Merci beaucoup, Paris !
Dernière minute : Ce soir, lundi 24 septembre, je me fais couper les cheveux à la radio (en direct) dans l’émission d’Aurélie Charon, à 23h, sur France Culture, « L’Atelier intérieur ». On me demande de ces choses… Pourtant, « Je suis mes cheveux », dit Jean-Paul Sartre.

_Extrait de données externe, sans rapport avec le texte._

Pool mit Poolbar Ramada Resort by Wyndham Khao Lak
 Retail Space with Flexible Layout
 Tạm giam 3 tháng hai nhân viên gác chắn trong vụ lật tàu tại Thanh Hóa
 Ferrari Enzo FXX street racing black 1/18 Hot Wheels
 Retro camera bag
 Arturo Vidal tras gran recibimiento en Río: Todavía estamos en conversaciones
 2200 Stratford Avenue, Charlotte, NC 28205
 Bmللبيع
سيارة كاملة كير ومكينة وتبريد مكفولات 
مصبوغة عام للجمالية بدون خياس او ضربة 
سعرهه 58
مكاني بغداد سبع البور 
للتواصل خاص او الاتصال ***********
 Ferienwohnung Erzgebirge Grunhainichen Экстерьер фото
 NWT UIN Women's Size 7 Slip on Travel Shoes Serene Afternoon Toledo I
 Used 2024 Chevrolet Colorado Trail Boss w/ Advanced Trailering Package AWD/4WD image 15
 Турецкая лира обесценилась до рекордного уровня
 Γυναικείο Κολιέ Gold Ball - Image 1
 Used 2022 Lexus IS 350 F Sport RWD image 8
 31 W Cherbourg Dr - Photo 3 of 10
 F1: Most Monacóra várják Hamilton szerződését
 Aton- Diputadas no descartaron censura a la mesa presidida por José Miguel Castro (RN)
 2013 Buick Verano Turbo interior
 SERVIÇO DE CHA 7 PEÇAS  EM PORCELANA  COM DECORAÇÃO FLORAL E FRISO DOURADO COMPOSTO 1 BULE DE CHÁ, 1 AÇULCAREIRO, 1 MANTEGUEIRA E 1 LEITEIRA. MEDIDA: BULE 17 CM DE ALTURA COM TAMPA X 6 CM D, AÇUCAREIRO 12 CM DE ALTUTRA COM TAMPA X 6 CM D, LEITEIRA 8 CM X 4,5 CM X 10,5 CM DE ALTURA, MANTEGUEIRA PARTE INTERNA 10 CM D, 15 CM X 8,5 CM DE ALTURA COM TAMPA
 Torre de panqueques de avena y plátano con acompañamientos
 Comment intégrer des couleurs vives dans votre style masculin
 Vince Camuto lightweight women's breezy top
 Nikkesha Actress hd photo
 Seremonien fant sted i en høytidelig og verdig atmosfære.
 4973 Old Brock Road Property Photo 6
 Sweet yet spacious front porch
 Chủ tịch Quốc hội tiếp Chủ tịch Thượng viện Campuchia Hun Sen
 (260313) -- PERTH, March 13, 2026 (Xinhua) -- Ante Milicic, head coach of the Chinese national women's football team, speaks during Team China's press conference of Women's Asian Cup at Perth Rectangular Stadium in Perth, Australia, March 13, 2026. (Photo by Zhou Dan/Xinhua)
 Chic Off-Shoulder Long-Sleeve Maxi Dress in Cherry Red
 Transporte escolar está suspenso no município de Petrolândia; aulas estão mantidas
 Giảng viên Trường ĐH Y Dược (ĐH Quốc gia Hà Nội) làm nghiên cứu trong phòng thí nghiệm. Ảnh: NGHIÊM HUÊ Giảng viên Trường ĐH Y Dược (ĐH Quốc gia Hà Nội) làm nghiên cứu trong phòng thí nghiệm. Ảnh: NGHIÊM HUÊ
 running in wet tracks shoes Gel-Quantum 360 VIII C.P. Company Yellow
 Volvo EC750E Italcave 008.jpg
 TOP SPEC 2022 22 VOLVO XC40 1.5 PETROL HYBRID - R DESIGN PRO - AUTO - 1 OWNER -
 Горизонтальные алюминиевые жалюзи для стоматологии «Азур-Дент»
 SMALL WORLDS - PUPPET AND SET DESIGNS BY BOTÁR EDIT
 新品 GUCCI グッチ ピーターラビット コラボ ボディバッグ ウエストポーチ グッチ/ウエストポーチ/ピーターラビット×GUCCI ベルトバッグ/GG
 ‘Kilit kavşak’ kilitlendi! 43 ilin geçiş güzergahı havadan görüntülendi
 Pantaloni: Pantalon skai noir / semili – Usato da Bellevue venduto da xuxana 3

Un jour – j’avais sept ans
– mon grand-père n’y tint plus : il me prit par la main, et dit que nous
allions faire une promenade. Mais à peine avions-nous tourné le coin de la rue,
il me poussa chez le coiffeur en me disant : « Viens, nous allons faire une
surprise à ta mère. » J’adorais les surprises. Il y en avait tout le temps chez
nous. Cachotteries amusées ou vertueuses, cadeaux inattendus, révélations
théâtrales suivies d’embrassements : c’était le ton de notre vie. Quand on
m’avait ôté l’appendice, ma mère n’en avait pas soufflé mot à Karl pour lui
éviter des angoisses qu’il n’eût, de toute manière, pas ressenties. Mon oncle
Auguste avait donné l’argent ; revenus clandestinement d’Arcachon, nous nous
étions cachés dans une clinique de Courbevoie. Le surlendemain de l’opération,
Auguste était venu voir mon grand-père : « Je vais, lui avait-il dit,
t’annoncer une bonne nouvelle. » Karl fût trompé par l’affable solennité de
cette voix : « Tu te remaries ! » « Non, répondit mon oncle en se souriant,
mais tout s’est très bien passé. » « Quoi, tout ? », etc. Bref les coups de
théâtre faisaient mon petit ordinaire et je regardai avec bienveillance mes
boucles rouler le long de la serviette blanche qui me serrait le cou et tomber
sur le plancher, inexplicablement ternies ; je revins glorieux et
tondu.
Il y eu des cris, mais pas
d’embrassements et ma mère s’enferma dans sa chambre pour pleurer : on avait
troqué sa fillette contre un garçonnet. Il y avait pis : tant qu’elles
voltigeaient autour de mes oreilles ; mes belles anglaises lui avaient permis
de refuser l’évidence de ma laideur. Déjà, pourtant mon oeil droit entrait dans
le crépuscule. Il fallut qu’elle s’avouât la vérité. Mon grand-père semblait
lui-même tout interdit ; on lui avait confié sa petite merveille, il avait
rendu un crapaud : c’était saper à la base ses futurs émerveillements.